**Action item**
Below are entries with pictures in them. Output exactly the lines starting at the line with "SAMSUNG GP-TYR870SAA Galaxy" and ending at the line with "Aston Martin One-77 Wallpapers", both included, but not the pictures.

-- Material provided follows --

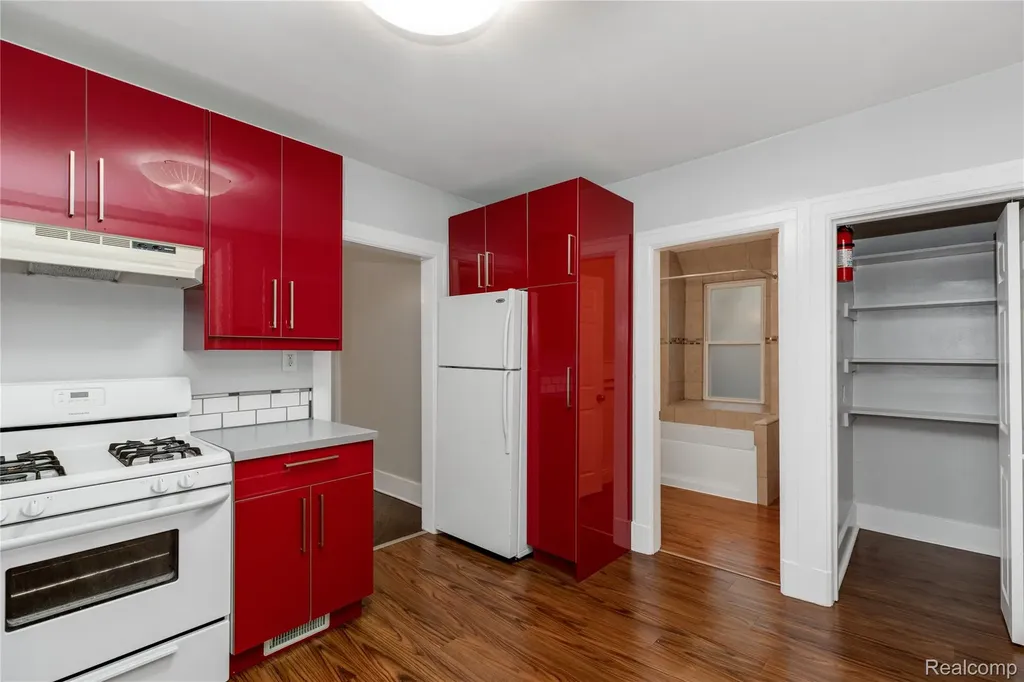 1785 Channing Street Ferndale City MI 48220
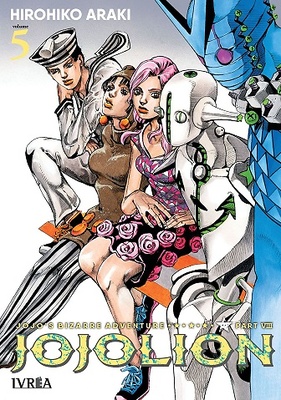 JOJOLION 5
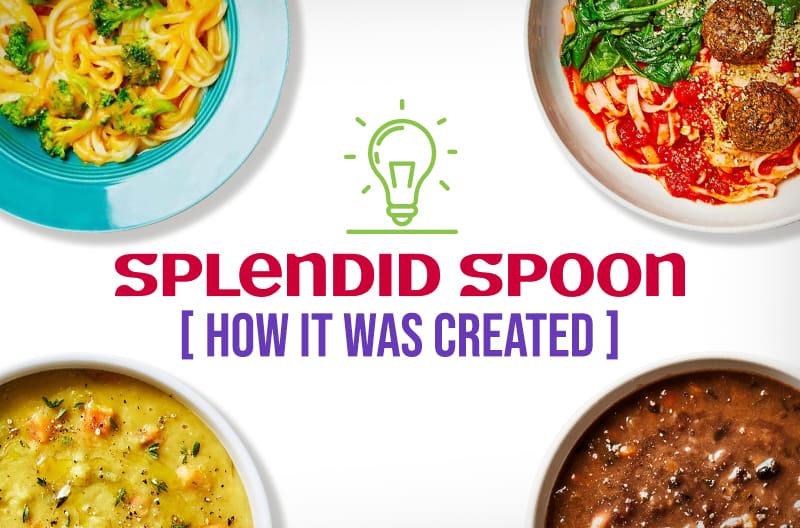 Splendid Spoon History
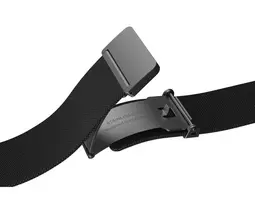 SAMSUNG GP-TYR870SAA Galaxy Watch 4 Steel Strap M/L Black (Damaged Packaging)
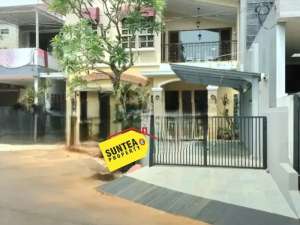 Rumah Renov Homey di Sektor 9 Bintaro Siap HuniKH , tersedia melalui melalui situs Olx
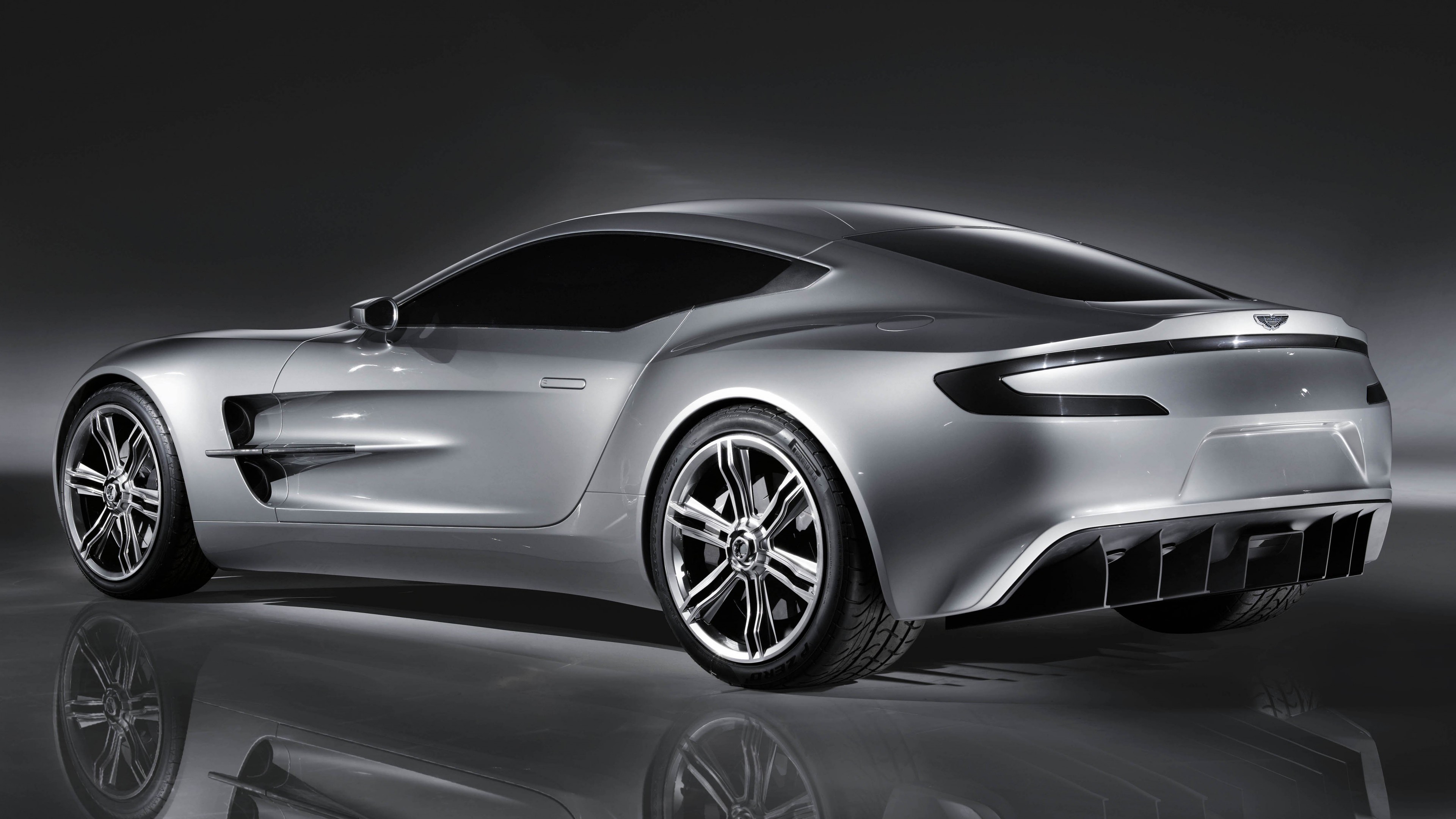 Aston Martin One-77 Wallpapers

-- Material provided concluded --
-- Material provided follows --

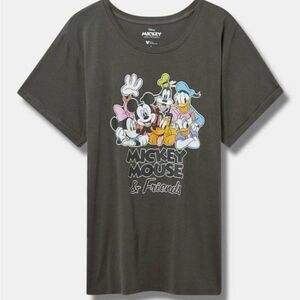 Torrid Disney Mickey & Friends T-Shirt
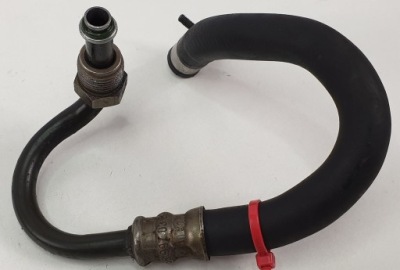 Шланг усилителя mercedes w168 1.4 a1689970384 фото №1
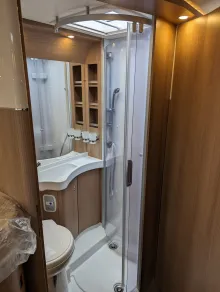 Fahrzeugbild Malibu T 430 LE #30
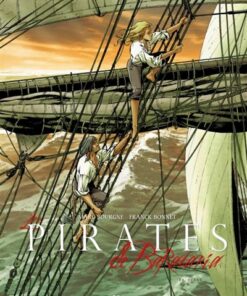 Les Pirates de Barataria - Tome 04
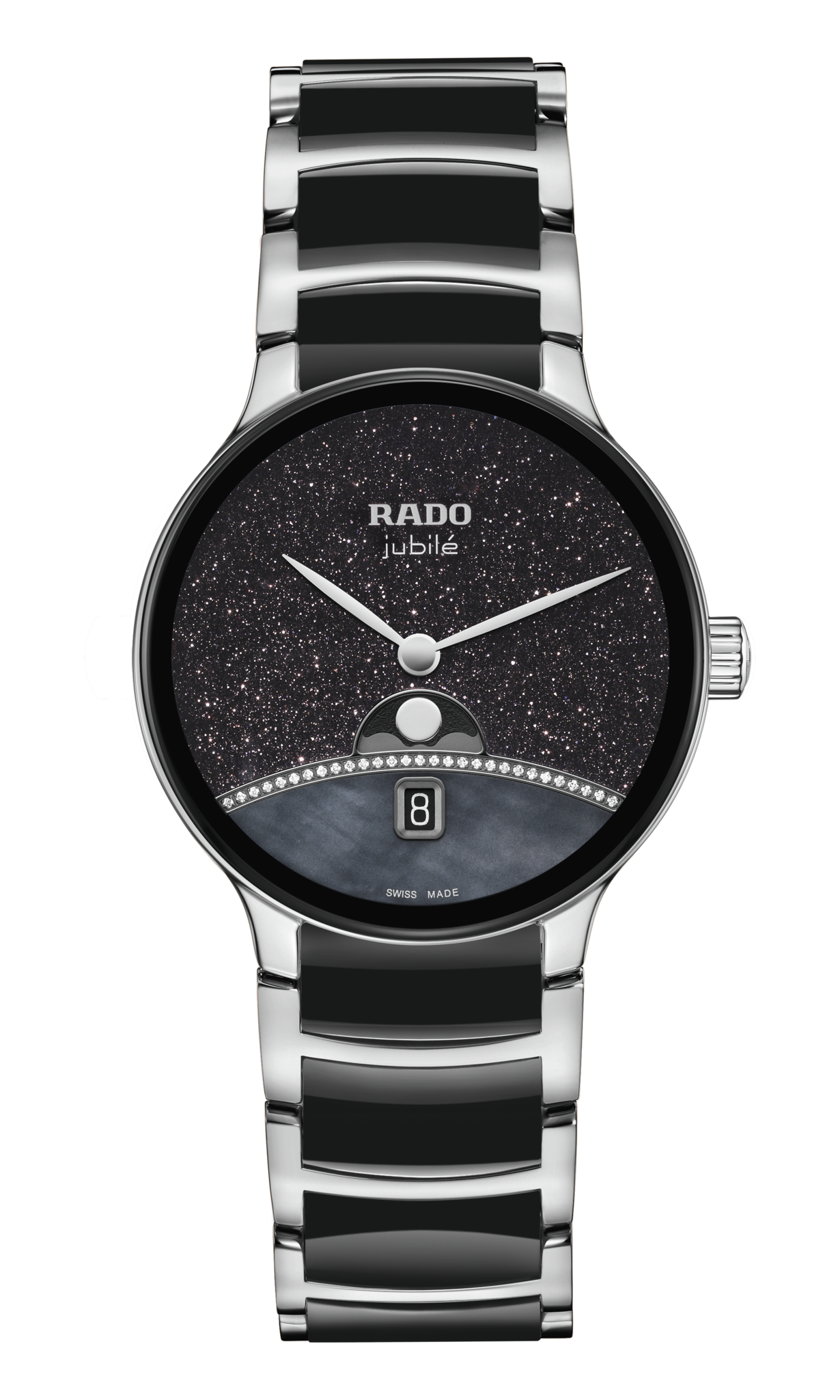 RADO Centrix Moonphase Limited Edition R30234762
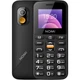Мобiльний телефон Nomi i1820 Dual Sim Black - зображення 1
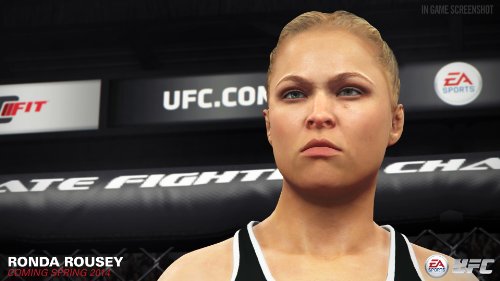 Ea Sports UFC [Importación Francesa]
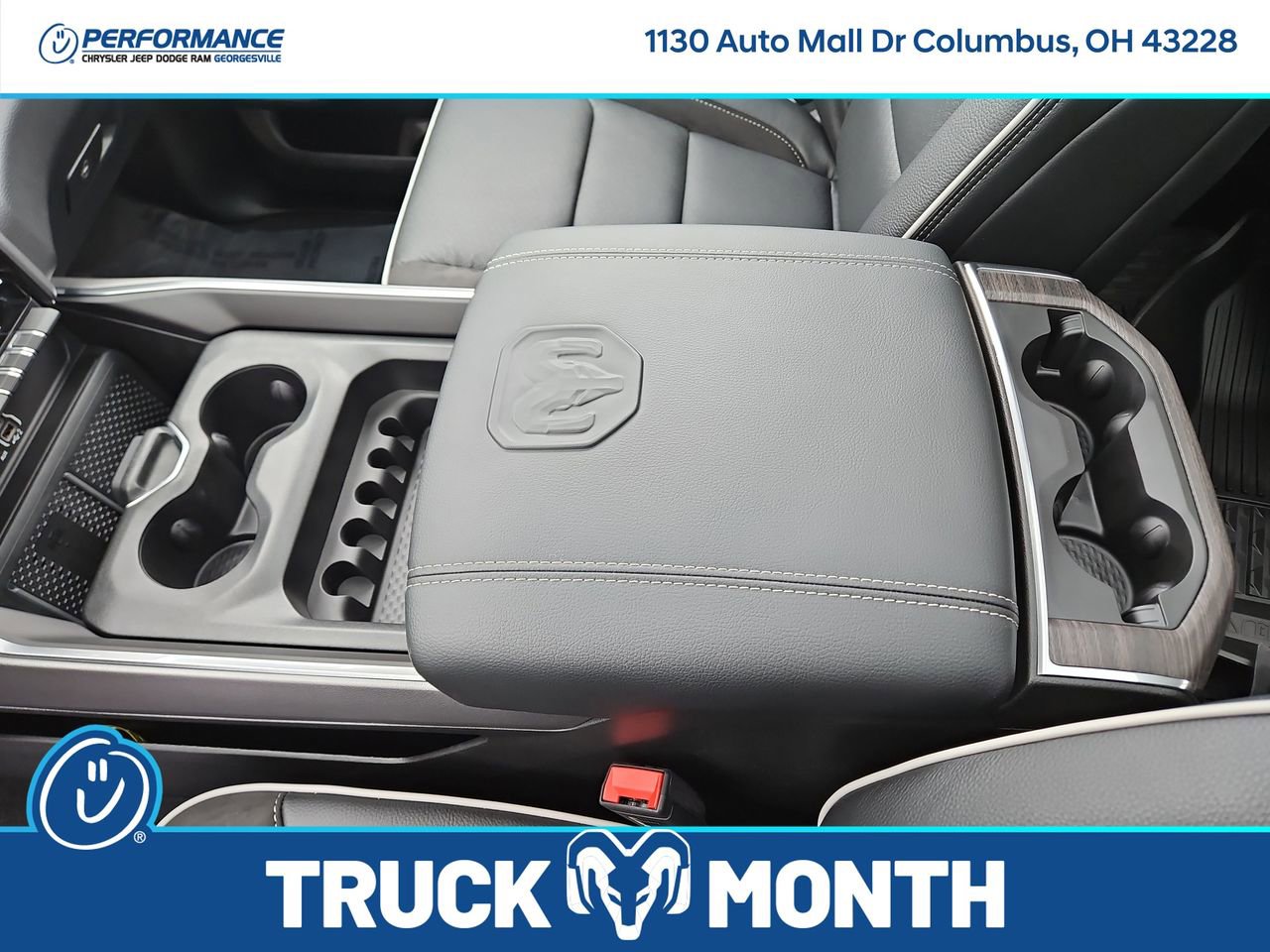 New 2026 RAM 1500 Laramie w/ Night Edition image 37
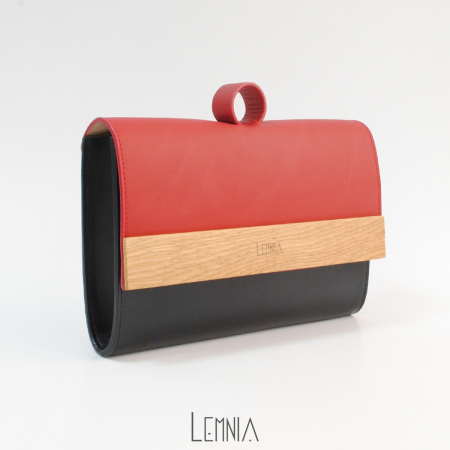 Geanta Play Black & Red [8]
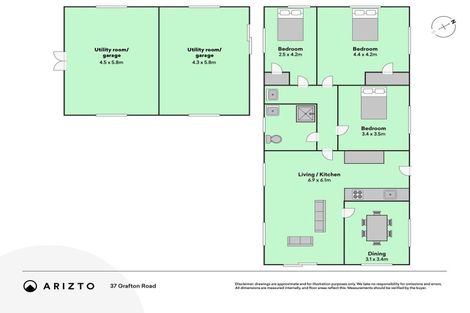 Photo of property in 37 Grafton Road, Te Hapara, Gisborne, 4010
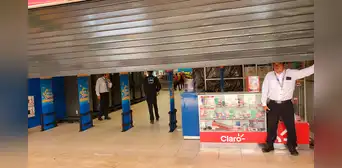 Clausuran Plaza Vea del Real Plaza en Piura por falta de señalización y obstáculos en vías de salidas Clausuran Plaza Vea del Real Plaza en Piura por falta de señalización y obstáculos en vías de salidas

-- Material provided concluded --

**Answer area**
 SAMSUNG GP-TYR870SAA Galaxy Watch 4 Steel Strap M/L Black (Damaged Packaging)
 Rumah Renov Homey di Sektor 9 Bintaro Siap HuniKH , tersedia melalui melalui situs Olx
 Aston Martin One-77 Wallpapers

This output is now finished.